Under state code, Virginia’s psychiatric hospitals are required to admit patients after an eight-hour period if a bed can’t be found at another facility (including private hospitals with behavioral health units). But over the last five years, Land said state hospitals have become more like the bed of first resort for many patients.
Since 2017, there’s been a statewide decline in temporary detention orders, which mandate mental health evaluations and treatment. But the share of TDO admissions at state hospitals has increased — what many say is the result of fewer private facilities willing to accept patients with behavioral health concerns.
“In a lot of instances, private providers and private hospitals are saying ‘We can’t take this person’ because they don’t have enough staff or whatever issue is there,” Barker said. “But it’s not as if their beds are all full.”
Land said that pattern of growth was unsustainable for state-run facilities, which were originally designed to serve chronic, longer-term patients.

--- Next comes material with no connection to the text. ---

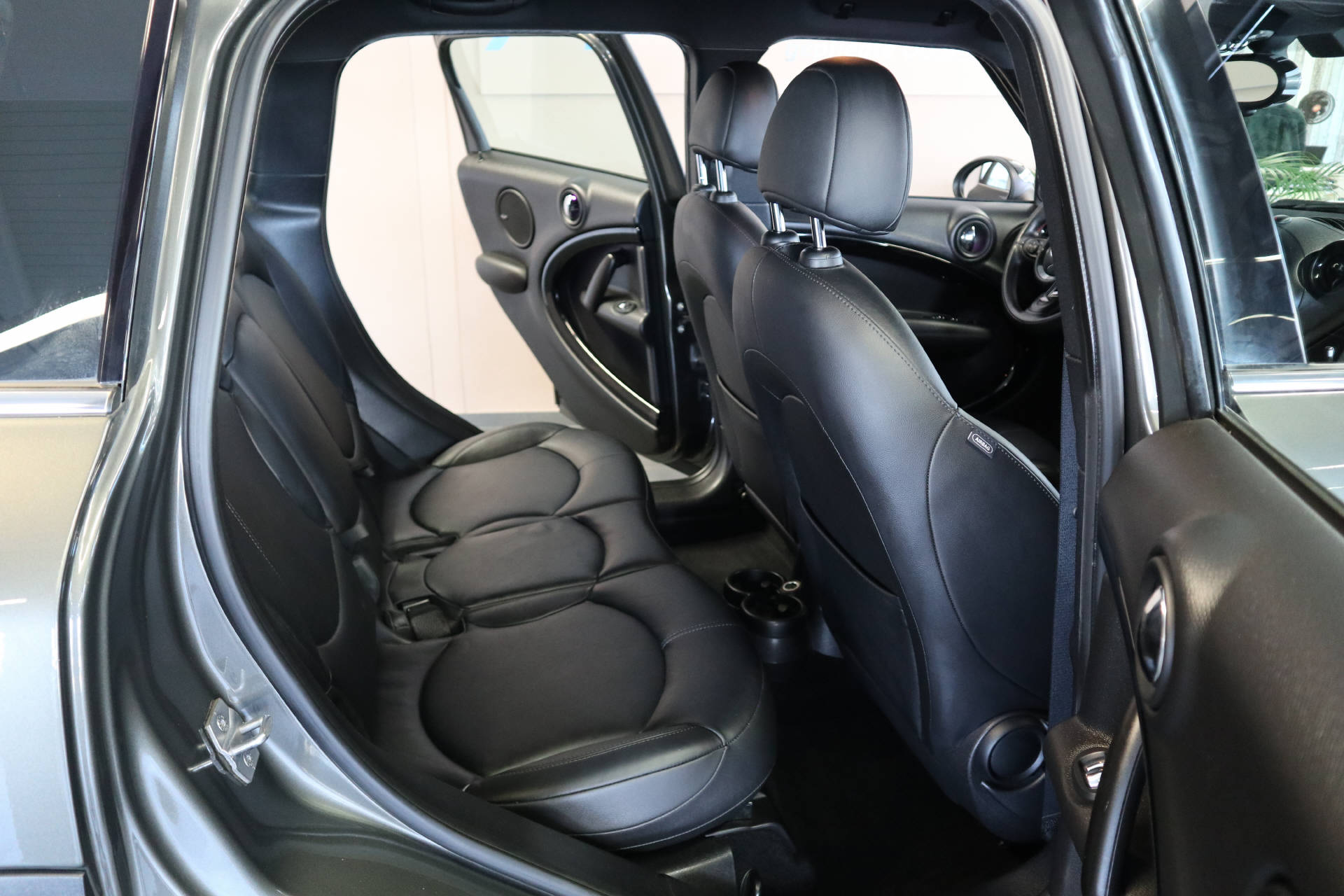 MINI Countryman 1.6i John Cooper Works ALL4-image-8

In some cases, staff have been forced to find space for patients on cots in hallways or common rooms, making patients vulnerable to victimization and compromising their treatment.

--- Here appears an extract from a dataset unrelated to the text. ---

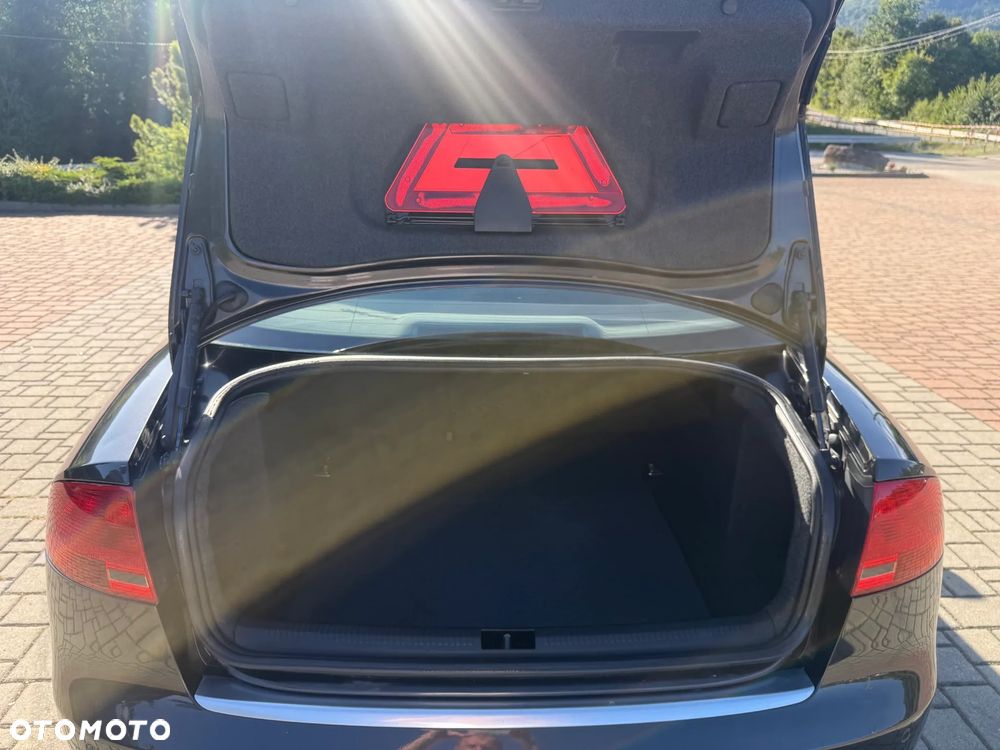 Audi A4 Limousine 2.0 TDI DPF Ambiente - 18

One of the biggest concerns is that state hospitals won’t be able to keep up with the growth. At full staffing, the facilities count around 5,500 employees. With roughly one-fifth of positions unfilled, current staff are cumulatively taking on hundreds of hours of overtime — or receiving supplemental help from contract workers, whose pay is often two to three times more expensive.
That makes burnout a significant concern amid record census counts. Stacy Pendleton, chief human resources officer for DBHDS, said most direct care staff start at $11 an hour. The agency is competing not only with other health care providers, but employers like Target and Walmart, which offer higher starting salaries for many of their employees.
“Our recruitment efforts really mirror what private hospitals are doing,” Land said. “But when we see yard signs saying come work at the Sheetz or the Wawa and they’re going to pay over $15 an hour — I think it’s attractive to our staff. And then they don’t have the added stress of working face-to-face with COVID-positive patients and psychiatric patients.”
In the short-term, Land said the agency is considering adding security staff to “decrease the daily risk” for employees. Barker said lawmakers are also examining more lasting solutions, including increasing Medicaid reimbursement rates. Private hospitals often aren’t fully compensated for the cost of behavioral health treatment, he said, making many of them less willing to accept those patients.
But the shortage of staff — and beds — is also having a trickle-down effect on other parts of the state’s mental health safety net. In late March, officers from seven law enforcement agencies held a press conference to criticize lengthy admission delays at state-run facilities. The same delays impact local emergency departments, where beds are frequently taken up by psychiatric patients.
“What’s happening is these people are just sitting there,” said Dr. Joran Sequeira, an emergency room physician in Richmond. “And I just feel bad for these patients. Because they’re the ones who are sometimes going days without the proper treatment.”